_DIRECTIONS FOR THIS TASK_. In the entries that follow, find the word "reported" and report each line it is on.

_INFORMATION GIVEN_.
Start of Block
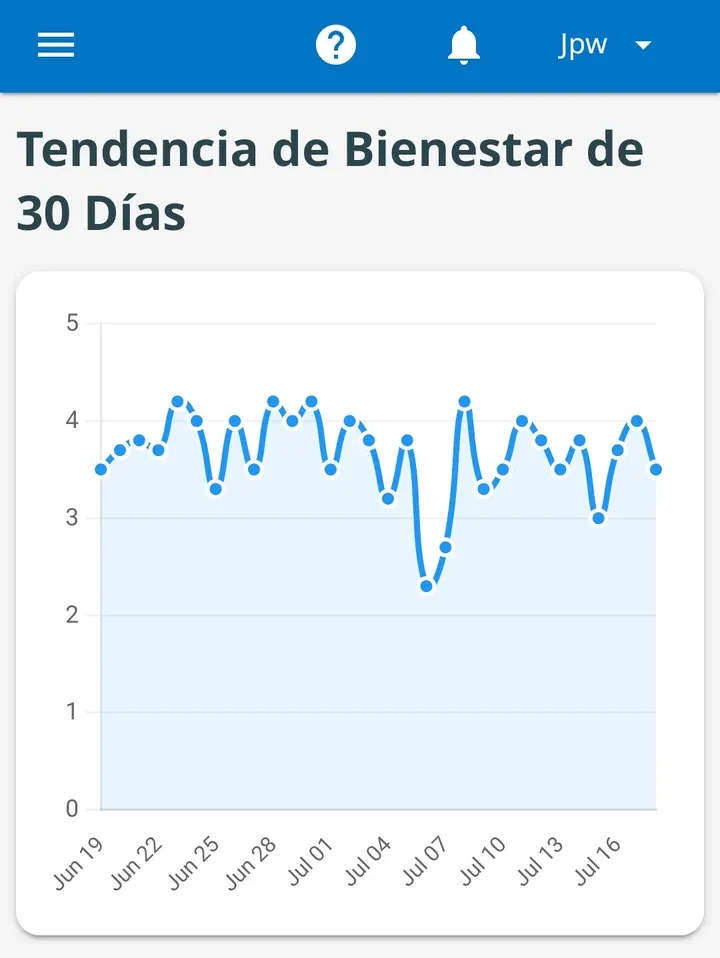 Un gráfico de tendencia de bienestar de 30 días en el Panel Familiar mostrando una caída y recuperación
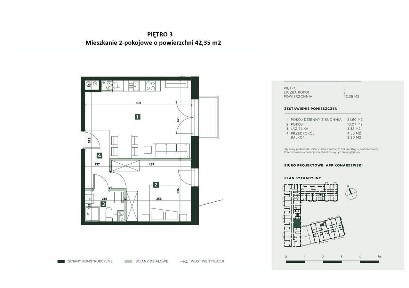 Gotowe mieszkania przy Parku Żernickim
End of Block
Start of Block
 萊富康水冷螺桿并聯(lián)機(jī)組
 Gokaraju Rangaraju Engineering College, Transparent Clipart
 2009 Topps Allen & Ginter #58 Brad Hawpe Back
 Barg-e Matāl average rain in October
End of Block
Start of Block
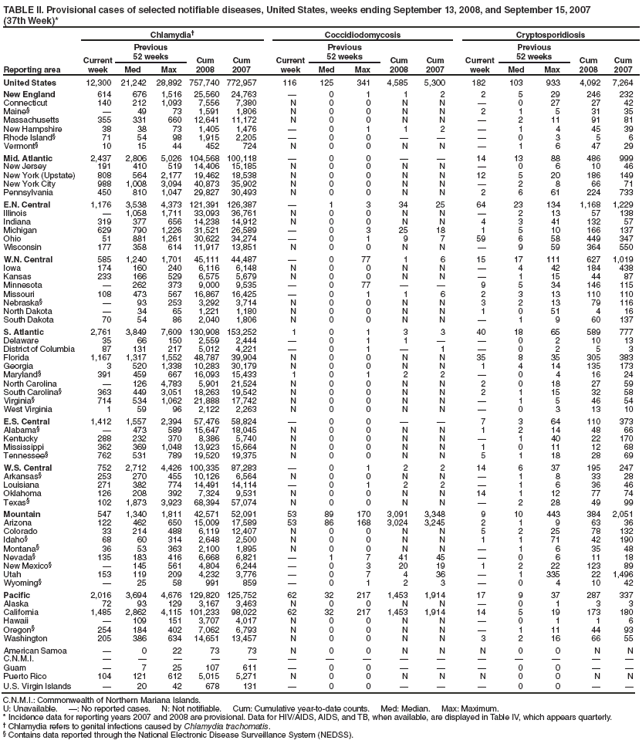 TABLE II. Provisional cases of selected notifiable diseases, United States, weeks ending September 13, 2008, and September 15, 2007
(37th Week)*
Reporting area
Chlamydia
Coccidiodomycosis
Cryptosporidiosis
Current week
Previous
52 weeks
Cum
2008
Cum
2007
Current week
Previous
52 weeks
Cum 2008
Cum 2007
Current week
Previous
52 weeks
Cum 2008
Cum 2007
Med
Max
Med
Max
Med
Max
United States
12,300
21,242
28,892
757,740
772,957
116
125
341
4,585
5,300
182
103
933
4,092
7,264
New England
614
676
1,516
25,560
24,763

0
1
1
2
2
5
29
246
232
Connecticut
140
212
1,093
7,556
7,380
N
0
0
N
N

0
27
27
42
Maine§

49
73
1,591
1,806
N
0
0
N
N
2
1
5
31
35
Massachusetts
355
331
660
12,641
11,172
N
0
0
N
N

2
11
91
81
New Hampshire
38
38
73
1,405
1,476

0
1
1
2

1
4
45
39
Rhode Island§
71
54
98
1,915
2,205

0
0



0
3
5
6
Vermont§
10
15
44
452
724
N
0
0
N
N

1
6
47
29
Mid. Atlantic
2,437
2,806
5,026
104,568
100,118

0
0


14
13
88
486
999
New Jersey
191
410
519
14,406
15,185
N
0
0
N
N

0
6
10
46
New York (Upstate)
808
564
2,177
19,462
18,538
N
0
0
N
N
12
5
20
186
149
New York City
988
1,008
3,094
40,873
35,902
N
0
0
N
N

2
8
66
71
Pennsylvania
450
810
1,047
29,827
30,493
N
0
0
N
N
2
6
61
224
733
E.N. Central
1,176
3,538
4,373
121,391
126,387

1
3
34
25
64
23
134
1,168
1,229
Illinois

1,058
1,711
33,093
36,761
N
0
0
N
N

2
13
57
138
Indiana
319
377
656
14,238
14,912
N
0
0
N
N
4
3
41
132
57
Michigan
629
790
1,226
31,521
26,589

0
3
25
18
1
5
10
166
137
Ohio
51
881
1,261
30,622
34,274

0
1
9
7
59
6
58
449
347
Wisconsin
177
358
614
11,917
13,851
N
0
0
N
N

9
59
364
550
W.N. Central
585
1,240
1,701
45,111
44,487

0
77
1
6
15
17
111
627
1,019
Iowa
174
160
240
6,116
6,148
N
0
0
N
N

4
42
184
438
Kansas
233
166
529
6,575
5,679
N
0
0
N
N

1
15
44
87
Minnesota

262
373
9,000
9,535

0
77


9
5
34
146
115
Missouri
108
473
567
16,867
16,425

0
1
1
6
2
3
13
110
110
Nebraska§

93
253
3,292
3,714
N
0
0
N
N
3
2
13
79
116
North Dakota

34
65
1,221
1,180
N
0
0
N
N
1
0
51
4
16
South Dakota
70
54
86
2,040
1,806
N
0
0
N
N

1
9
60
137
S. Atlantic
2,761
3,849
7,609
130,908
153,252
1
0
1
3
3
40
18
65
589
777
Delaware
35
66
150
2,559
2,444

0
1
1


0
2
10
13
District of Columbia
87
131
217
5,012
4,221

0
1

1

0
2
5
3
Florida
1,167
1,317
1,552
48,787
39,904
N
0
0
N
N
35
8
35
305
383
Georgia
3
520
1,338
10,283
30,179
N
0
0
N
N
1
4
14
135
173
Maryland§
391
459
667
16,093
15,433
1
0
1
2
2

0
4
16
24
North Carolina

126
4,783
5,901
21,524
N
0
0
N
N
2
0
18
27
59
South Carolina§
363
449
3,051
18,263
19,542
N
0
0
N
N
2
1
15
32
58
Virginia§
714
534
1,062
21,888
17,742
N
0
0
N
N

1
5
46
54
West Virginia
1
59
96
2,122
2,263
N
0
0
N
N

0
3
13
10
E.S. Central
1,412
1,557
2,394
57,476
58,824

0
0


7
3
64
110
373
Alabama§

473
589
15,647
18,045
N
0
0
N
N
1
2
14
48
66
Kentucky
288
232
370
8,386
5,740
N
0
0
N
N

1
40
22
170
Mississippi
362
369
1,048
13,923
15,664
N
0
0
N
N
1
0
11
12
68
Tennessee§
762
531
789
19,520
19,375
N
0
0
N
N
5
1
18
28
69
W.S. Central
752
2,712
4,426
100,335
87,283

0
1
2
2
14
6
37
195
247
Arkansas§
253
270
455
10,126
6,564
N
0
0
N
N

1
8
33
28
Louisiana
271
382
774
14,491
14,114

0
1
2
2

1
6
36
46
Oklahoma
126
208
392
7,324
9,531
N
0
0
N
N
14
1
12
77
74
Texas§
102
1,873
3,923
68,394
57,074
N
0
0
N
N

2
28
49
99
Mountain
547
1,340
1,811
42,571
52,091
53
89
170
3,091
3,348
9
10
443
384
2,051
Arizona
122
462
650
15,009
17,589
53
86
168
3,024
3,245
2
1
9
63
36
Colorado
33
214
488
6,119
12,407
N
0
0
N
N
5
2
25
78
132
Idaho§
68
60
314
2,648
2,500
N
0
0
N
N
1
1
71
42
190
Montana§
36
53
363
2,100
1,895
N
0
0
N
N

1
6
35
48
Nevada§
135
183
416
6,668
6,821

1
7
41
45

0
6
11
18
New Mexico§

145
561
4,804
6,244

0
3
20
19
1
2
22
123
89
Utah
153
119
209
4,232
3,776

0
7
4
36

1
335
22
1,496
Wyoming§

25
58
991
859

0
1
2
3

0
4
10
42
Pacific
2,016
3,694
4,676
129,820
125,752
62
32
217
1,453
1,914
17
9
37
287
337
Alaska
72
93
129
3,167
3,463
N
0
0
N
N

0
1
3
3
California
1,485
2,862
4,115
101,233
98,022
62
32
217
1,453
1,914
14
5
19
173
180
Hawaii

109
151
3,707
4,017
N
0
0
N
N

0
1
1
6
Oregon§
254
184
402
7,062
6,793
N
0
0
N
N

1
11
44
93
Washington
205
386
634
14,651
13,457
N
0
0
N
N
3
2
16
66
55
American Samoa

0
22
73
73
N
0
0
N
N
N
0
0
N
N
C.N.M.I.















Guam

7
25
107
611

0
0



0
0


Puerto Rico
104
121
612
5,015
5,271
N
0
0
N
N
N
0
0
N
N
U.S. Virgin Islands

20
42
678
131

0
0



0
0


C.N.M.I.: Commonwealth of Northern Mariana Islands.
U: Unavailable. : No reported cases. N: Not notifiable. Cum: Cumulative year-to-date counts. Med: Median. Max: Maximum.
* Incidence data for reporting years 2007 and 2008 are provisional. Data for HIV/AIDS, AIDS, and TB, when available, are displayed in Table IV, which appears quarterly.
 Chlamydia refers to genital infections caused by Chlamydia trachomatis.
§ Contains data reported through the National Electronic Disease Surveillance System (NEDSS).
End of Block
_TASK OUTPUT_.
U: Unavailable. : No reported cases. N: Not notifiable. Cum: Cumulative year-to-date counts. Med: Median. Max: Maximum.
§ Contains data reported through the National Electronic Disease Surveillance System (NEDSS).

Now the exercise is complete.